_Input for this task_.
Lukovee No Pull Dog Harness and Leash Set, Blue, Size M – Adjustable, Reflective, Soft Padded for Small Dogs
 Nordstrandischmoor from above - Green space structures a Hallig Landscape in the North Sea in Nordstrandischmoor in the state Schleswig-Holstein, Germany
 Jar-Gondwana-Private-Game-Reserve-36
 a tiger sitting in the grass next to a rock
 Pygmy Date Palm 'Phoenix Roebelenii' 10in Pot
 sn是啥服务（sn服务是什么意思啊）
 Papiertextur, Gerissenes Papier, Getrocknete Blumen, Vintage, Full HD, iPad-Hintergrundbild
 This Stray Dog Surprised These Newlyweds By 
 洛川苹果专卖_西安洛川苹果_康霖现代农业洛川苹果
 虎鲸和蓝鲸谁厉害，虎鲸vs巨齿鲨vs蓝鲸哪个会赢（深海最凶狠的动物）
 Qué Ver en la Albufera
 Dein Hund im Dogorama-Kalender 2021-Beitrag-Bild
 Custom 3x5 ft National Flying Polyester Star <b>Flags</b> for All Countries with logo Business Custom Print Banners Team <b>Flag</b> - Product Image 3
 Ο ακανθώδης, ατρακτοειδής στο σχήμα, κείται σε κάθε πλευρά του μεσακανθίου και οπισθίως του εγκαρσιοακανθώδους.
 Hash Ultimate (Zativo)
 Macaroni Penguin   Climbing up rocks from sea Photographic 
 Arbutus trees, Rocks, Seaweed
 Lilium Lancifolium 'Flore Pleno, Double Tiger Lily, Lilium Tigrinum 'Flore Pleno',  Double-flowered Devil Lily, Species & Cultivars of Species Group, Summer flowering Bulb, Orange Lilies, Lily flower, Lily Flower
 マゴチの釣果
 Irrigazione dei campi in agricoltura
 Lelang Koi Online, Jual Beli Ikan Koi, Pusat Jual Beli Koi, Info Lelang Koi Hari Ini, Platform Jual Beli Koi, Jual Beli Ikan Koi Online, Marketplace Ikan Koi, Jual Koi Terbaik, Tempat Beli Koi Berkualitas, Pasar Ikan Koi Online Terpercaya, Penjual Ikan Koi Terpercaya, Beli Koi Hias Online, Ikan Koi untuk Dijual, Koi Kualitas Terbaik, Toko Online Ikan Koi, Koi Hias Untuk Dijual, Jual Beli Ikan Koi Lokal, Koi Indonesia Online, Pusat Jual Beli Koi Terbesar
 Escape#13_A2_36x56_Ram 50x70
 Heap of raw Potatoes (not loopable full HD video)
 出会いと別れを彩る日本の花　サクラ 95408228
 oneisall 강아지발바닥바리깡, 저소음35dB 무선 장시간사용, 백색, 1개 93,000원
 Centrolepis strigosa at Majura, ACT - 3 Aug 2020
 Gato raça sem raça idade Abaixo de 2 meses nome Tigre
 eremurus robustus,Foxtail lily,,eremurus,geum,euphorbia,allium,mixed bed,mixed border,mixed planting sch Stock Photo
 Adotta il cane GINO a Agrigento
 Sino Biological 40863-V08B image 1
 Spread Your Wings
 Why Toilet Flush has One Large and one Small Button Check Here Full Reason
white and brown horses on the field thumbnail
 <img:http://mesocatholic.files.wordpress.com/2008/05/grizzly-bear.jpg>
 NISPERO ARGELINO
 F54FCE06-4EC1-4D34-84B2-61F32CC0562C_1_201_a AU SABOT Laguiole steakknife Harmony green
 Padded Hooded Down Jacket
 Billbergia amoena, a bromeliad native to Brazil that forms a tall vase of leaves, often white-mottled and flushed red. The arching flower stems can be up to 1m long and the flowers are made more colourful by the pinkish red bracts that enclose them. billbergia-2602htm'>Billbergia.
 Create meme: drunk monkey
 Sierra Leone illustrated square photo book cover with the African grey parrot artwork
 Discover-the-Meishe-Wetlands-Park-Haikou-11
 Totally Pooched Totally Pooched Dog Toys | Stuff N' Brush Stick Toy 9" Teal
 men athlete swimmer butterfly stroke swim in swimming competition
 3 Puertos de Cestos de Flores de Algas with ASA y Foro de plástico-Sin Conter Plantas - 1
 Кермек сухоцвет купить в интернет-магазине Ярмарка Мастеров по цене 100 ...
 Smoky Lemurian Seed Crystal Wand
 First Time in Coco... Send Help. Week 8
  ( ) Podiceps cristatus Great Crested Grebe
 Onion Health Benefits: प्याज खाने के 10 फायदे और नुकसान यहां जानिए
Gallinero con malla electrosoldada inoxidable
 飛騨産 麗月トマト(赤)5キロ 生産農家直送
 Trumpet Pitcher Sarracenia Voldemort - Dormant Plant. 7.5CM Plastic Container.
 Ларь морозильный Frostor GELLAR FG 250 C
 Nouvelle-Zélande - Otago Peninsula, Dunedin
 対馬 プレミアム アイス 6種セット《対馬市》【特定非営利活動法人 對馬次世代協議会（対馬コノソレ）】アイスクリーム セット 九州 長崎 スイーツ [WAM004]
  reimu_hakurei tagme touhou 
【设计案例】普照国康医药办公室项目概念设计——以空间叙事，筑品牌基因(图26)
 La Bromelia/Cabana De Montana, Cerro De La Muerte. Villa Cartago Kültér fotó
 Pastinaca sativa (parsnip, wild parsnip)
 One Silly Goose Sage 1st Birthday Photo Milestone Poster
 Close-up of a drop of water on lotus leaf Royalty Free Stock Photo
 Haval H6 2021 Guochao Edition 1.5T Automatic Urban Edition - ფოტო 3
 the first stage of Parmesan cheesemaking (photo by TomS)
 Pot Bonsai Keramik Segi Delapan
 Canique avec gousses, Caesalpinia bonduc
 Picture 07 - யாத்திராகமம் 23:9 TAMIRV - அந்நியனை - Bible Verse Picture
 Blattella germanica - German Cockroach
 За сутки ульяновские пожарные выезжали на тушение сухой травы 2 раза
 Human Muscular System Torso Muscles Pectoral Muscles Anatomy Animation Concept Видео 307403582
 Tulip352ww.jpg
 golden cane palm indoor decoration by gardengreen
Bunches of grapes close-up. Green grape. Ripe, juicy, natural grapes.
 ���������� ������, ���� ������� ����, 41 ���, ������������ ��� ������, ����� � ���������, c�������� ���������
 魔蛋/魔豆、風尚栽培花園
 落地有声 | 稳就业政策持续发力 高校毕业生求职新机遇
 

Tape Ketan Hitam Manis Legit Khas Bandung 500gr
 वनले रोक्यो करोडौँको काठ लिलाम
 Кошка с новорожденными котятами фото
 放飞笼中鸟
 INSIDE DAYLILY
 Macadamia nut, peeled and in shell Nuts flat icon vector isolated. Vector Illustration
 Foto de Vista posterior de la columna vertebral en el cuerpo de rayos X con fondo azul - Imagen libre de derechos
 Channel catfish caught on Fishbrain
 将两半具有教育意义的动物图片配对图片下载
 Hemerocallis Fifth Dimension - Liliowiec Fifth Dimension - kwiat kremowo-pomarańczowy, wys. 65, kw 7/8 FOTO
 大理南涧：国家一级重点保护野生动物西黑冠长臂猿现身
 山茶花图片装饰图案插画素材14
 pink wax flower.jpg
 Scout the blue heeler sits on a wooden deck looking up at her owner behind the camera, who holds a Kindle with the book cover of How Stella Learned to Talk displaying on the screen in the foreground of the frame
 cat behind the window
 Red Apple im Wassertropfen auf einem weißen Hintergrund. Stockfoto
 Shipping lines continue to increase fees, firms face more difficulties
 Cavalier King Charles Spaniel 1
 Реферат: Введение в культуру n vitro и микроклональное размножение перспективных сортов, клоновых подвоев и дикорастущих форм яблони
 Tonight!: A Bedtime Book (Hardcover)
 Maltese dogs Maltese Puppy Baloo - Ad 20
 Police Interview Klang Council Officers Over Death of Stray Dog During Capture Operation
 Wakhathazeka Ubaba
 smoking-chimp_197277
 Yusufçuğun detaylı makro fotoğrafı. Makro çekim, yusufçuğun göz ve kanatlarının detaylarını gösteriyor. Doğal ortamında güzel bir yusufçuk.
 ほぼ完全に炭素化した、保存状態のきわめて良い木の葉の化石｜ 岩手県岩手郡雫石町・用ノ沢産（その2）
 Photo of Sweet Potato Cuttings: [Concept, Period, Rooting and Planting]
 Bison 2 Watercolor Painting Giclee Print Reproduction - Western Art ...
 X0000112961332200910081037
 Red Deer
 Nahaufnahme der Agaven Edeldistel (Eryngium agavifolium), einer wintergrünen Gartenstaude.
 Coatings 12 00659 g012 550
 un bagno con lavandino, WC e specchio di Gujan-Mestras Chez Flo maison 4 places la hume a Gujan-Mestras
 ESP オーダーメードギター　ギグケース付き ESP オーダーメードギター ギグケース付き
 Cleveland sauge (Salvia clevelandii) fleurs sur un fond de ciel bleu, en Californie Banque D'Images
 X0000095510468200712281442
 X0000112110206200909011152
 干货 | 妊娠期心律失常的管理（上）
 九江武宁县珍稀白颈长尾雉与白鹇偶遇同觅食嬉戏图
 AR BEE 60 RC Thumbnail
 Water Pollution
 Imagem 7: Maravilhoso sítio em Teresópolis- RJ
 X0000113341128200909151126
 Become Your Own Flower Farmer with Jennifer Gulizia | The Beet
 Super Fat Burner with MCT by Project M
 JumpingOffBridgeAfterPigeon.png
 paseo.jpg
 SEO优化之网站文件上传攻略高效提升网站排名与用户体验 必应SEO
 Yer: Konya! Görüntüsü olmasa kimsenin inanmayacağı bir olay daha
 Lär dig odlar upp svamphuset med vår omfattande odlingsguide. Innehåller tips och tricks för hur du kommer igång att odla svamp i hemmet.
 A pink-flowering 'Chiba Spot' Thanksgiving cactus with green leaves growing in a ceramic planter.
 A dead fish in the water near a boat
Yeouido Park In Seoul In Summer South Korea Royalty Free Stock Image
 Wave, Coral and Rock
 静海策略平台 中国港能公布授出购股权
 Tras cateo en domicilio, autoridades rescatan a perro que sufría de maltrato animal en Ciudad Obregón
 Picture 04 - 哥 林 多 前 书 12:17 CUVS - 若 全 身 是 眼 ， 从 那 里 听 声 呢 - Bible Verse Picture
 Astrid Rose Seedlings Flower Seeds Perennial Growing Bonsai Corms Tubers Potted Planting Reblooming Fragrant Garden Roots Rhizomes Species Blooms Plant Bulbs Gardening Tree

_Exercise prompt_. Repeat the material word for word from its opening line up to and including the line containing "Jar-Gondwana-Private-Game-Reserve-36".

_Expected output_.
Lukovee No Pull Dog Harness and Leash Set, Blue, Size M – Adjustable, Reflective, Soft Padded for Small Dogs
 Nordstrandischmoor from above - Green space structures a Hallig Landscape in the North Sea in Nordstrandischmoor in the state Schleswig-Holstein, Germany
 Jar-Gondwana-Private-Game-Reserve-36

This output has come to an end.